Opinião
Ao feminino que há em todos nós…
Mais do que falar de homem e mulher, acho cada vez mais relevante falar do conceito de feminino e masculino e compreendermos a dimensão epistemológica e o carácter holístico que o feminino tem desde o início das civilizações.
Se olharmos para as mais antigas civilizações, a noção de Deus era feminina e em muitas tradições mais shamanicas a ligação ao divino estava muitas vezes relacionada com a fecundidade da terra e da natureza.
Olhando para a religião Hindu, é interessante ver que Shiva, um dos seus mais importantes deuses e pai do yoga, tem um corpo masculino mas uma face feminina, conotada com a dimensão mais divina, de oração e de desprendimento.
Não querendo ser mal interpretado, e tendo consciência de que as mulheres ainda vivem grandes desigualdades relativamente aos homens, quero acreditar que estamos num momento de relativa mudança e melhoria, e que vivemos, acima de tudo, numa era de transformação de consciência que privilegia cada vez mais a lógica colaborativa e a noção de interconectividade, versus uma herança competitiva e destrutiva, mais ligada à energia masculina.
Num mundo empresarial que valoriza cada vez mais uma cultura organizacional humana, criativa e colaborativa, e estruturas cada vez mais descentralizadas, menos hierárquicas e mais remotas, com mais foco nos resultados e no impacto criado do que no formalismo e aparência, acredito que a dimensão feminina da sociedade, das organizações e das pessoas é cada vez mais valorizada e mais crítica.
Em particular, no que toca à inovação, criatividade e sustentabilidade, é cada vez mais importante a capacidade de lidar com emoções e tomar decisões de forma colaborativa. Também para a gestão de pessoas, tanto sócio(a)s, colaboradore(a)s, de clientes e fornecedores, a empatia e a capacidade de encontrar consensos e pontos de vista comuns, características mais relacionadas com o feminino, apresentam maior potencial e eficácia.
É crítico criar e educar uma sociedade que não tenha medo de lidar e gerir as suas emoções, que promova a auto-consciência e que valorize o desenvolvimento de recursos psíquicos e emocionais relevantes, para que seja possível a construção duma dinâmica de respeito pelo outro.
Numa sociedade mais auto-consciente, a pluralidade é abraçada como algo de valor, e a estigmatização e desvalorização do outro é algo que é desencorajado, desenquadrado e sem sentido. Numa sociedade assim, não faz sentido falar de feminismo nem do direito das mulheres, nem de minorias, mas sim do ser humano, e do seu valor intrínseco.

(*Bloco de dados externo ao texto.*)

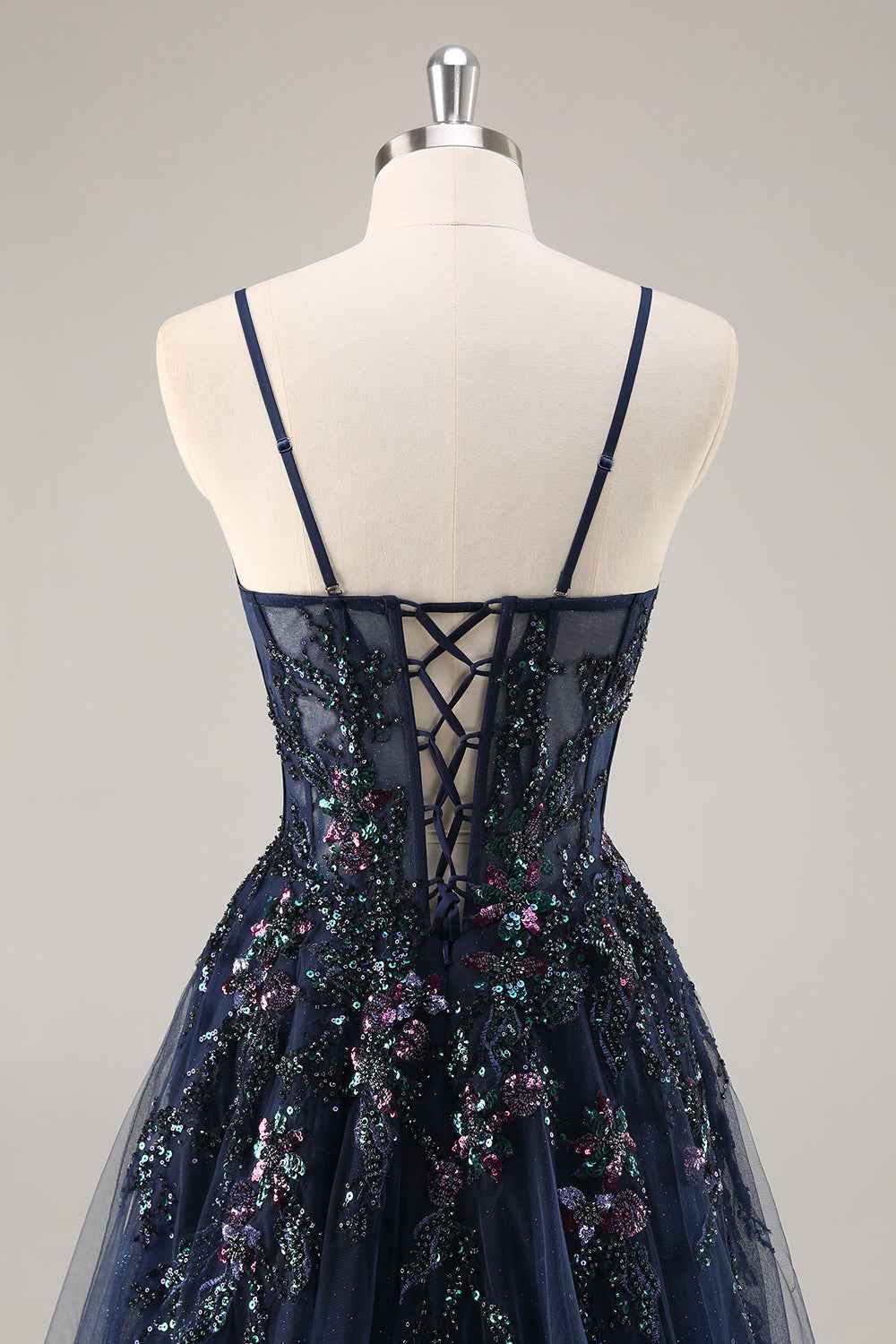 Lydia Navy Blue Tulle Sweetheart Neck Corset Slit Maxi Dress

Sou empreendedor e gestor de empresas, sempre procurei desenvolver um estilo de liderança imparcial e colaborativo, e apesar de ter tido poucas sócias, tenho na minha equipa de liderança cerca de 40% de mulheres, e mais de 50% dos colaboradores são mulheres, e nunca fiz a mínima diferenciação entre género.
Apesar disso, a verdade é que existe desigualdade entre os géneros e isso é algo inaceitável, apesar de homem e mulher não serem iguais, pelo que é determinante reforçar os incentivos à maternidade e paternidade, reforçar o apoio à educação e em particular à primeira infância, promover cada vez mais uma cultura e modelos de trabalho que valorizem a flexibilidade e os resultados, e mudar radicalmente a narrativa patriarcal vigente.
Tenho a felicidade de conhecer muitas mulheres líderes incríveis e de ser próximo de várias organizações de apoio ao empoderamento das mulheres, de que são exemplo a Woman in Tech, as Chicas Poderosas, a WomanWinWin ou as Geek Girls, e não posso deixar de ter uma admiração especial pelo papel que desempenham, no entanto mais do que celebrar o valor da mulher, gostava de reforçar o valor do feminino que há em todos nós, pois acredito ser esse o verdadeiro catalisador de uma transformação em prol de uma sociedade mais plural e com maior equidade.